The Adjustment Bureau is a 2011 American science fiction romantic thriller film written and directed by George Nolfi, based on the 1954 Philip K. Dick short story "Adjustment Team". Starring Matt Damon, Emily Blunt, Anthony Mackie, John Slattery, and Terence Stamp, the film tells the story of a United States congressman who discovers that what appear to be chance events in his life are controlled by a mysterious, powerful group. After an event not planned by these controllers occurs—a romantic encounter with a dancer—he struggles against their manipulation, despite their promise of a great future for him.

The film premiered at the Ziegfeld Theatre on February 14, 2011, and was released in theaters in the United States on March 4. It received mostly positive reviews from critics and grossed $127 million, against a production budget of $50 million.

Plot

In 2006, Brooklyn Congressman David Norris unsuccessfully runs for the United States Senate. While rehearsing his concession speech, he meets Elise Sellas, and they share a passionate kiss. David does not get Elise's name before they are separated, but, inspired by her, he delivers an unusually candid speech that is well-received and makes him a favorite for the next Senate election.

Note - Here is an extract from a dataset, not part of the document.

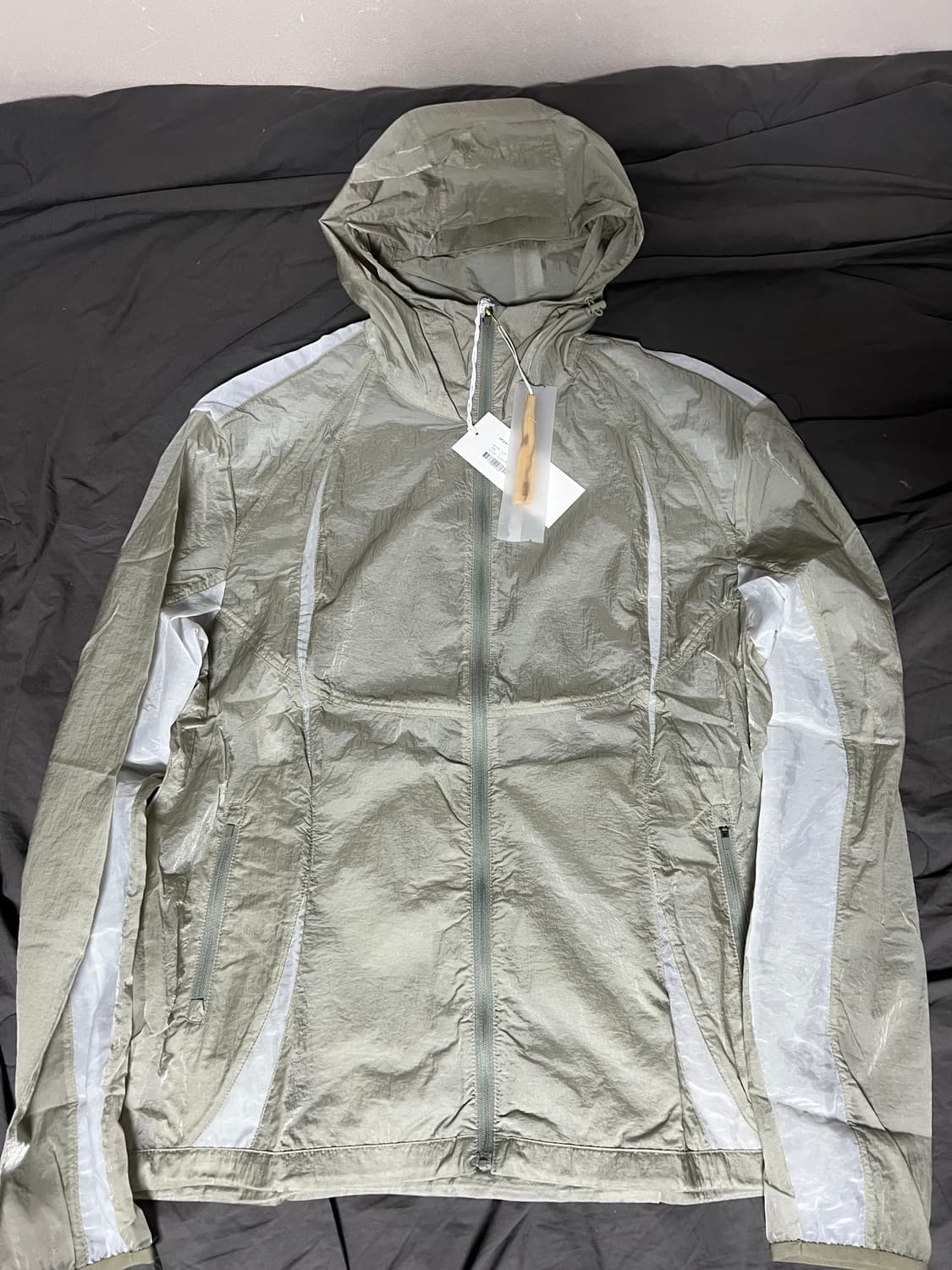 (L) 엑슬림 ep6 07 자켓 바람막이 올리브 그레이 새상품 상품이미지4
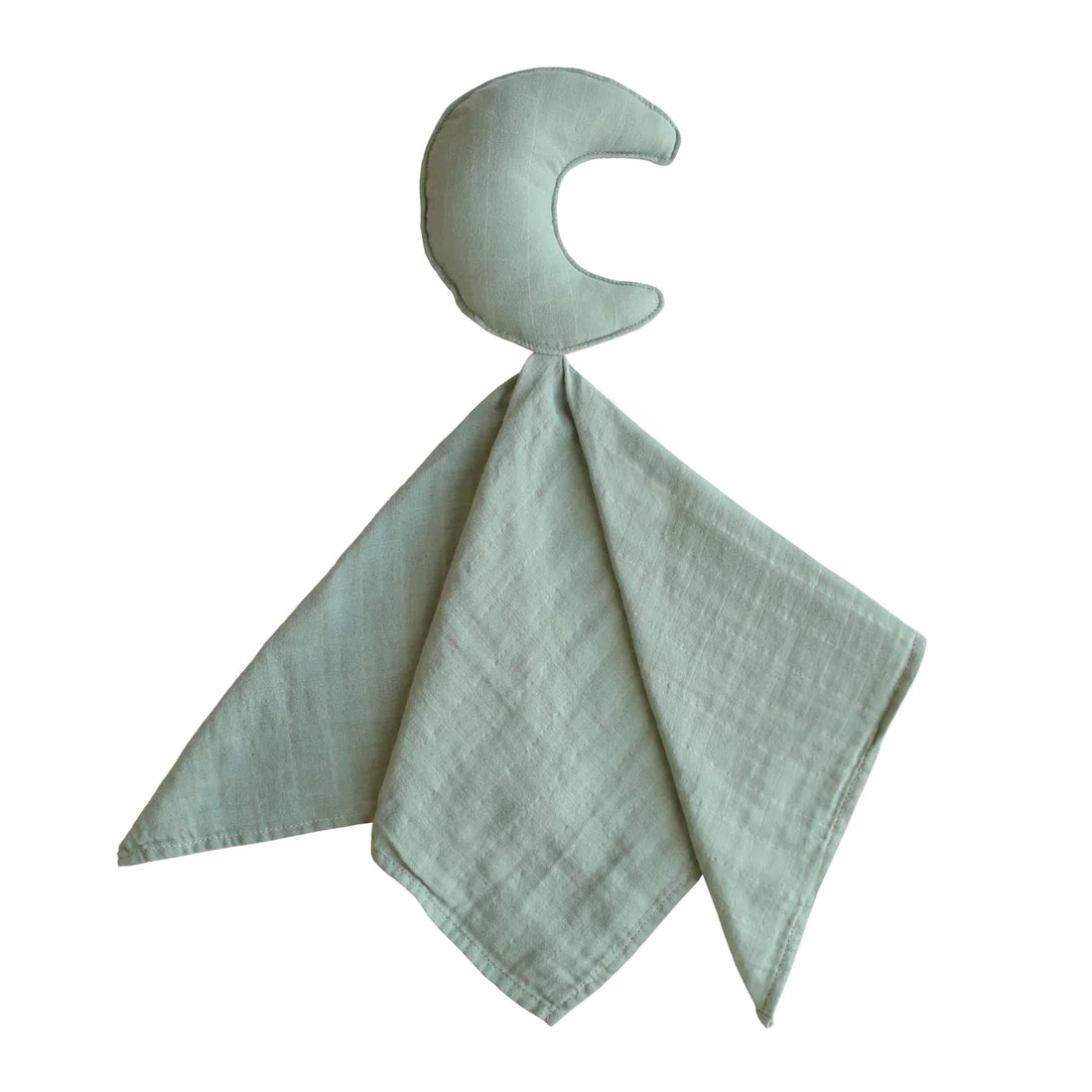 Mushie - Baby Schmusetuch Mond mint aus Biobaumwolle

A month later, Harry Mitchell receives an assignment from Richardson at Madison Square Park, which is near David's home. He is supposed to spill coffee on David's shirt by 7:05 a.m., forcing David to go home to change, but he falls asleep, so David catches his intended bus to his new job and meets Elise again. Before she gets off the bus, David gets her name and phone number.

David arrives at work before he was supposed to and finds his coworkers frozen and being examined by unfamiliar men, Richardson among them. He attempts to escape, but is incapacitated and taken to a warehouse. After some debate about what to do, Richardson reveals to David the existence of the "Adjustment Bureau", an organization that ensures people's lives proceed according to "the Plan" created by "the Chairman". He says David was not supposed to see Elise a second time, so he destroys the card with her phone number on it, and then he releases David, warning him that his memory and personality will be erased if he tells anyone about what he has learned.

Three years later, David spots Elise on the street. He gets off the bus and invites her to lunch, but Charlie (David’s campaign manager), after an adjustment initiated by Richardson, interrupts them with reminders that David is scheduled to announce he is running for another Senate seat. Richardson tries to prevent David and Elise from reuniting after the announcement, but David stubbornly persists and outruns Richardson to Elise's rehearsal with Cedar Lake Contemporary Ballet, even though members of the Bureau have a way to teleport using ordinary doorways.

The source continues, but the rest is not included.